WHAT YOU WILL DO: Scan the entries below for the word "Iron" and copy every line where it turns up.

(Beginning of RECORDS FOR THIS EXERCISE)

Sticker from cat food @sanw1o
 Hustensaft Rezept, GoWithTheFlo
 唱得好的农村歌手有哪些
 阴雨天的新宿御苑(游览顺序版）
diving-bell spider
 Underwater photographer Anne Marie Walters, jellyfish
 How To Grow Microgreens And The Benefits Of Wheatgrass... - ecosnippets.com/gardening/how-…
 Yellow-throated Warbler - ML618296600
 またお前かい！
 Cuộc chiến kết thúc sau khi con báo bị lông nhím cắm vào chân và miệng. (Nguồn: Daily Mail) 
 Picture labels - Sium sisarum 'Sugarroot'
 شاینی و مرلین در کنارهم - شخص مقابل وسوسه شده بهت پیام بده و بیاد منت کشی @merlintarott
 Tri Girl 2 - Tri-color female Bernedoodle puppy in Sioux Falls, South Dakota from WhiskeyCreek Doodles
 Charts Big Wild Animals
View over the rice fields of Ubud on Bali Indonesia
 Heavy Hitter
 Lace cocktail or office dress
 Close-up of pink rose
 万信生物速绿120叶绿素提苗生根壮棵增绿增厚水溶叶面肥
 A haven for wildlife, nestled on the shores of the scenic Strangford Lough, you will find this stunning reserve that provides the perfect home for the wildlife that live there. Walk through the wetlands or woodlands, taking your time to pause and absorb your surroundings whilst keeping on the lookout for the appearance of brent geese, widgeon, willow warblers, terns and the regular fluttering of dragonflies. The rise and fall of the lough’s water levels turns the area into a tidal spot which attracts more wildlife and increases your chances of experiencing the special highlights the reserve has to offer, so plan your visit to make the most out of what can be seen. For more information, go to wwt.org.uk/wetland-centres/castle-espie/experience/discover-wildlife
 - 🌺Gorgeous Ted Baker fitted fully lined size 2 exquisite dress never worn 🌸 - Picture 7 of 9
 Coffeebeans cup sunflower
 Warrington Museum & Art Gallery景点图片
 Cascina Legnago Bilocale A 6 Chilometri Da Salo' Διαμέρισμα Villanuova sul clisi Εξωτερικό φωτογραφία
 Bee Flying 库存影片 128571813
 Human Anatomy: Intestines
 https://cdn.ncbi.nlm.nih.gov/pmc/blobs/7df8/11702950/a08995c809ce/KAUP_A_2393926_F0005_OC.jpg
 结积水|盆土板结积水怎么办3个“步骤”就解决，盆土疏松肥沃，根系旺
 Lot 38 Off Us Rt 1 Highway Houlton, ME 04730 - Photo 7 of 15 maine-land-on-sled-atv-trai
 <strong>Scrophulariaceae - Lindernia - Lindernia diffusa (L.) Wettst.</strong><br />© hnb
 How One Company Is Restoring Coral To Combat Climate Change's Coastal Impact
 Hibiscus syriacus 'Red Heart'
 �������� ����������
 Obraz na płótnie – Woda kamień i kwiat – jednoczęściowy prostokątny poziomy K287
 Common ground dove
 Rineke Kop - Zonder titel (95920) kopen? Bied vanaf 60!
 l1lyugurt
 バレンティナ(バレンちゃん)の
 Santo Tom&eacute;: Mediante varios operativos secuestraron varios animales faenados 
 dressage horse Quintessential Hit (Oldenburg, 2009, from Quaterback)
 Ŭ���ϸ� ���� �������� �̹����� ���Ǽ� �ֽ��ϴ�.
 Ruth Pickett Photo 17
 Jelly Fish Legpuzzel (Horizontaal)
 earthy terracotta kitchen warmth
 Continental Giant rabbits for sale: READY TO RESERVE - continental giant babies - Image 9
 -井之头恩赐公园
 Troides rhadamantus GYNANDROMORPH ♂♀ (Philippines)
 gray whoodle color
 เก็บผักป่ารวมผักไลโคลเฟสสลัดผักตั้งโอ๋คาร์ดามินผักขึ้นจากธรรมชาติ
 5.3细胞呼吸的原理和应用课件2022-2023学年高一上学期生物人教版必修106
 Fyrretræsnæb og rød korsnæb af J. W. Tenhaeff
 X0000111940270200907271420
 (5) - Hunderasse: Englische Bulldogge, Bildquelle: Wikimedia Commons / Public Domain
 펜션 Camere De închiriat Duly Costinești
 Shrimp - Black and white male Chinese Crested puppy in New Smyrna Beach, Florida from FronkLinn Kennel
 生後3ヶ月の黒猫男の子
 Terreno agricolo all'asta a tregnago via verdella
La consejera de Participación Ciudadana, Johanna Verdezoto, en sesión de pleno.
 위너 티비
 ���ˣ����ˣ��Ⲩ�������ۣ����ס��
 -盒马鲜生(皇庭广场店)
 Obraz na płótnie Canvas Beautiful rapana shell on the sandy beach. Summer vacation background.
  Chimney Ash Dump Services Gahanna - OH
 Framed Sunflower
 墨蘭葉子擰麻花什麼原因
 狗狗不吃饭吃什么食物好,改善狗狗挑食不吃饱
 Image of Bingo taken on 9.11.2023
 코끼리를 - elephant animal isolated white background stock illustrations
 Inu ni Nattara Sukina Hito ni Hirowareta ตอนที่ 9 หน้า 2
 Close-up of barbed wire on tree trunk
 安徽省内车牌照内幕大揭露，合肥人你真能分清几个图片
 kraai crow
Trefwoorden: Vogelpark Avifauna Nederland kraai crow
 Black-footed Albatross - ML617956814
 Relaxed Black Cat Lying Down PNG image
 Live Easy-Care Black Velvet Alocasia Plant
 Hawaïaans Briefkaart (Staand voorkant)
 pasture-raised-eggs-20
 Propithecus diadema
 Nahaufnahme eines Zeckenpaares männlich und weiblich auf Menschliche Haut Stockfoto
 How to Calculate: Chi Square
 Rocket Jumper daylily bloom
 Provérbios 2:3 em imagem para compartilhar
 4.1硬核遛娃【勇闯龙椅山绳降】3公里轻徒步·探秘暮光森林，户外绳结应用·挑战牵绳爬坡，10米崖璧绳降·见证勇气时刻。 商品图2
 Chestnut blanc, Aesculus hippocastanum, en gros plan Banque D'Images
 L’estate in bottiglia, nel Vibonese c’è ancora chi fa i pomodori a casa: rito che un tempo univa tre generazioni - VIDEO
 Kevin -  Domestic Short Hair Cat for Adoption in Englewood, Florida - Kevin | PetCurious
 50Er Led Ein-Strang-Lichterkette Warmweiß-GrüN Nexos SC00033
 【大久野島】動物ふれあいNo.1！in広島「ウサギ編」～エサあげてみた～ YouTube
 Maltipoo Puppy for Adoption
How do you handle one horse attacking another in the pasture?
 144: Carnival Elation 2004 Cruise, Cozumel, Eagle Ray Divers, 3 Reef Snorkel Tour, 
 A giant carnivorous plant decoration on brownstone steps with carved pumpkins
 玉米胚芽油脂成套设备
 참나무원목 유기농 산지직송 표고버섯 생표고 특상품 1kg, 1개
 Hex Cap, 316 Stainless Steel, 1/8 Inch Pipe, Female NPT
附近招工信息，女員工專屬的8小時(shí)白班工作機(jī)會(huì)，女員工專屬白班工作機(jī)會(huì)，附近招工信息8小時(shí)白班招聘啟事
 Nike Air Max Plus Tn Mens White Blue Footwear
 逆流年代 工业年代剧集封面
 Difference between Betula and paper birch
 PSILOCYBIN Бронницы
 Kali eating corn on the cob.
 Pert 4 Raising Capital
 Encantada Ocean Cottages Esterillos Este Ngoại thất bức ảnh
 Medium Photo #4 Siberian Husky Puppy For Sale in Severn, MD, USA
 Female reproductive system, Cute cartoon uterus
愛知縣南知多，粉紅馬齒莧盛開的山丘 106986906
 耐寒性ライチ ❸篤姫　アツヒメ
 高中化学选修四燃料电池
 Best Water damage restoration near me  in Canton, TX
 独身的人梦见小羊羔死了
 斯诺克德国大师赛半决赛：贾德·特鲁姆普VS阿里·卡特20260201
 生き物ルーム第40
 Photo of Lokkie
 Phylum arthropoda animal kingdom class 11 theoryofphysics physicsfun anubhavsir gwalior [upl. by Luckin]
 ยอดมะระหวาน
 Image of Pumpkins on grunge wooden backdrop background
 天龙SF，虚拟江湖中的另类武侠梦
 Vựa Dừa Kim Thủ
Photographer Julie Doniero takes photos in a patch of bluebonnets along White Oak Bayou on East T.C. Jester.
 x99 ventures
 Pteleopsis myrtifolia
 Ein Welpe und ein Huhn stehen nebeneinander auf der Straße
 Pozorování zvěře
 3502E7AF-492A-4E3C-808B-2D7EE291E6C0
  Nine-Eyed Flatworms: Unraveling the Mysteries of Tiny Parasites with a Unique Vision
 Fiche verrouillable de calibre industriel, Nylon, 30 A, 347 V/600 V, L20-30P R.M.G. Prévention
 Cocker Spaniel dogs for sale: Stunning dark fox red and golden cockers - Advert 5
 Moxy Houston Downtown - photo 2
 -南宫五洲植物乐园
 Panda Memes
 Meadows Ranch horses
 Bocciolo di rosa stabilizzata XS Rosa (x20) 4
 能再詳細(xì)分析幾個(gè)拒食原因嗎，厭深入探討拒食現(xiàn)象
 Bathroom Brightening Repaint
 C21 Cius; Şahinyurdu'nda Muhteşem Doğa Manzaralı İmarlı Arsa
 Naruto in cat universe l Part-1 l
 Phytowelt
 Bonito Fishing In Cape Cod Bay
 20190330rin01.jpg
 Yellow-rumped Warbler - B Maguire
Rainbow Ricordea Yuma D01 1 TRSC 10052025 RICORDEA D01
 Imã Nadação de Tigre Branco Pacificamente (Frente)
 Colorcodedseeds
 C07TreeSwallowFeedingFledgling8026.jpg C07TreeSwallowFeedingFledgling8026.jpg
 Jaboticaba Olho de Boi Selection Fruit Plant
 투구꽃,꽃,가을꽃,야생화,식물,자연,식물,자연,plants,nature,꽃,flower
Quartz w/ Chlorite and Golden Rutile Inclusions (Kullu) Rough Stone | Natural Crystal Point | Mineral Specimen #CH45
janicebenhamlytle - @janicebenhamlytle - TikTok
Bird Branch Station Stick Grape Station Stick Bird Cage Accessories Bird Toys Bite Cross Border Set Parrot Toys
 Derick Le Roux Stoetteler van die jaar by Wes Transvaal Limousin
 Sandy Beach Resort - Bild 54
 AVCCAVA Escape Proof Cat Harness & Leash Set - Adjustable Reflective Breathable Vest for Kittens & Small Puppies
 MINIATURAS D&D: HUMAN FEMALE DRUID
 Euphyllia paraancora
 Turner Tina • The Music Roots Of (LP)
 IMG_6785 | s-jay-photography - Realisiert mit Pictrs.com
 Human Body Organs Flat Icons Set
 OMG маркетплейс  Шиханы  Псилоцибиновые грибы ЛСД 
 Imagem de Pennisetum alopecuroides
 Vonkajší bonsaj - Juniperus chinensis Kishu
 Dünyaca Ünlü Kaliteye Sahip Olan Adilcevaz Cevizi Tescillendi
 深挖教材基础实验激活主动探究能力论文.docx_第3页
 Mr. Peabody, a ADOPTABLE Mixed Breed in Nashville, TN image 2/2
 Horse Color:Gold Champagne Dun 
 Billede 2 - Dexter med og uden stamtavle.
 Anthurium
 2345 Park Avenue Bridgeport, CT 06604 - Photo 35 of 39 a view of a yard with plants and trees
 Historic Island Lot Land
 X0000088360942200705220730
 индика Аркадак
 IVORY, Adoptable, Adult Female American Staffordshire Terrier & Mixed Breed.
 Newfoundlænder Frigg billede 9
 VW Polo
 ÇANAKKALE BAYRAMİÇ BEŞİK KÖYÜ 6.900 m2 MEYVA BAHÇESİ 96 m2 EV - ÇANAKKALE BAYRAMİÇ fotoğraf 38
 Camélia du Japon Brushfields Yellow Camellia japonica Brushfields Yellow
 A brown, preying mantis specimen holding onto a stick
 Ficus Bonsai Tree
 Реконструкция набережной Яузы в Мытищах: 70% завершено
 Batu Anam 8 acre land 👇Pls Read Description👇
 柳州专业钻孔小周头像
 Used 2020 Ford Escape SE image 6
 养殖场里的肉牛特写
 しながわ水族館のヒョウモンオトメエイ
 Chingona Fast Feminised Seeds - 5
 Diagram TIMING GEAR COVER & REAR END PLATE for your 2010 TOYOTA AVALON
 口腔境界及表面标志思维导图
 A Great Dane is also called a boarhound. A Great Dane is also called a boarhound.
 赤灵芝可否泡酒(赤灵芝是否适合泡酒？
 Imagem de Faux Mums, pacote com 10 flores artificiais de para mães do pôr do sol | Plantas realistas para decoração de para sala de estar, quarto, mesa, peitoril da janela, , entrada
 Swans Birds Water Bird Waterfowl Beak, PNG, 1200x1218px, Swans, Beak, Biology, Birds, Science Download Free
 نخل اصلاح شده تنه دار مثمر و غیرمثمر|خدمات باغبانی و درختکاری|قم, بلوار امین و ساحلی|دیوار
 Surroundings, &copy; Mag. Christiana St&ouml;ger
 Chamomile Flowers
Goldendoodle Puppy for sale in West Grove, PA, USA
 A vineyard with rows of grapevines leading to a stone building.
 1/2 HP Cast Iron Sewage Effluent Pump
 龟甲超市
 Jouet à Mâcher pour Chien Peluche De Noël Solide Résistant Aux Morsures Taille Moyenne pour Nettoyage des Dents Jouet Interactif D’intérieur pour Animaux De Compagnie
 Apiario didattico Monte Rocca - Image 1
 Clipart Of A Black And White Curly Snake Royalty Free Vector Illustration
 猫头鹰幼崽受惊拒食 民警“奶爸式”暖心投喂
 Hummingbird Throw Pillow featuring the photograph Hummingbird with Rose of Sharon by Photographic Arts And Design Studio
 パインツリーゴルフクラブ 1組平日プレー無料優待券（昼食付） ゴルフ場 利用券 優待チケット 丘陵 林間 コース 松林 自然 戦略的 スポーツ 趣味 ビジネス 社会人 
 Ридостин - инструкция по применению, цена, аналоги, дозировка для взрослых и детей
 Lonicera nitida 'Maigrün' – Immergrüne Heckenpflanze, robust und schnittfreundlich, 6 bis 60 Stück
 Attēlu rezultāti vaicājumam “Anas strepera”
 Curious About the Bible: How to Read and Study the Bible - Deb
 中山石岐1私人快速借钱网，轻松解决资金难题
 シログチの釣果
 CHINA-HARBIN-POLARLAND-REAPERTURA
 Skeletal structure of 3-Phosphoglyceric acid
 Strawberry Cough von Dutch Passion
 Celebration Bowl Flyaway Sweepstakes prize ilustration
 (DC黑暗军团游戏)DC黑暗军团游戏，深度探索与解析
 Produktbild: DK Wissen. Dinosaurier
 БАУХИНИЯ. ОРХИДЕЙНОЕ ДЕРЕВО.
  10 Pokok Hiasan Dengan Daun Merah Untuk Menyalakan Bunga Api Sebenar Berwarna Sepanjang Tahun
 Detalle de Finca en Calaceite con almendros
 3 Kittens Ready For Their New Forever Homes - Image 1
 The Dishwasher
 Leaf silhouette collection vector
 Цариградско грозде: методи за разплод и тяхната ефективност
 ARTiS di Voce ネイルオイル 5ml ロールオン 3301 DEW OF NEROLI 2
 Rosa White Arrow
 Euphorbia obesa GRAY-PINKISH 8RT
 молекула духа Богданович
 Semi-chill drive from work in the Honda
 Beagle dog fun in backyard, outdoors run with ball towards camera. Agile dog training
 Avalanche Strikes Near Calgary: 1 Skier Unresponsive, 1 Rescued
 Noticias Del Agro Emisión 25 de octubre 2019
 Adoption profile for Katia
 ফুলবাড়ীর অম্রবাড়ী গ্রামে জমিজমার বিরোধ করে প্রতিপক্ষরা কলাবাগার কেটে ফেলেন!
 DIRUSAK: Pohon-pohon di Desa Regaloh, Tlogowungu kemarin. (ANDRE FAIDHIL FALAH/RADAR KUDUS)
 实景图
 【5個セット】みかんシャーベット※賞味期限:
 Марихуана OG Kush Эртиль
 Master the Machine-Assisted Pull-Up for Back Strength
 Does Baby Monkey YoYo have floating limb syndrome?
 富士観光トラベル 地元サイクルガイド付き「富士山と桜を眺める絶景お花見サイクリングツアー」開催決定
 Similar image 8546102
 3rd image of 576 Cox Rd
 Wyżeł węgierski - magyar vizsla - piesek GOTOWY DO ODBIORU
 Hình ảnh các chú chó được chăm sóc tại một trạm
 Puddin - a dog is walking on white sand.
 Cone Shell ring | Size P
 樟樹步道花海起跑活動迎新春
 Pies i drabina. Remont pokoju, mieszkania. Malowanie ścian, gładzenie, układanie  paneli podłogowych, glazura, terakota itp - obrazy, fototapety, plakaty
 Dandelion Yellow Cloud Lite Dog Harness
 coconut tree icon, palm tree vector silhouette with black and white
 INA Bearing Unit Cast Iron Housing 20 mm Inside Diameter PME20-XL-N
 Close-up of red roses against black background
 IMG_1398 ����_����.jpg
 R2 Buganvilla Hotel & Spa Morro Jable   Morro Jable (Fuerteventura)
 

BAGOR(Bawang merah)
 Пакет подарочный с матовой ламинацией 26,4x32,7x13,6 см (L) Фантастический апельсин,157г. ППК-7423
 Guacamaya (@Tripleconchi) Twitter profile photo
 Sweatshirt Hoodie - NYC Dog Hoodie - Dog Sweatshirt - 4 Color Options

(End of RECORDS FOR THIS EXERCISE)

ANSWER BOX:
 1/2 HP Cast Iron Sewage Effluent Pump
 INA Bearing Unit Cast Iron Housing 20 mm Inside Diameter PME20-XL-N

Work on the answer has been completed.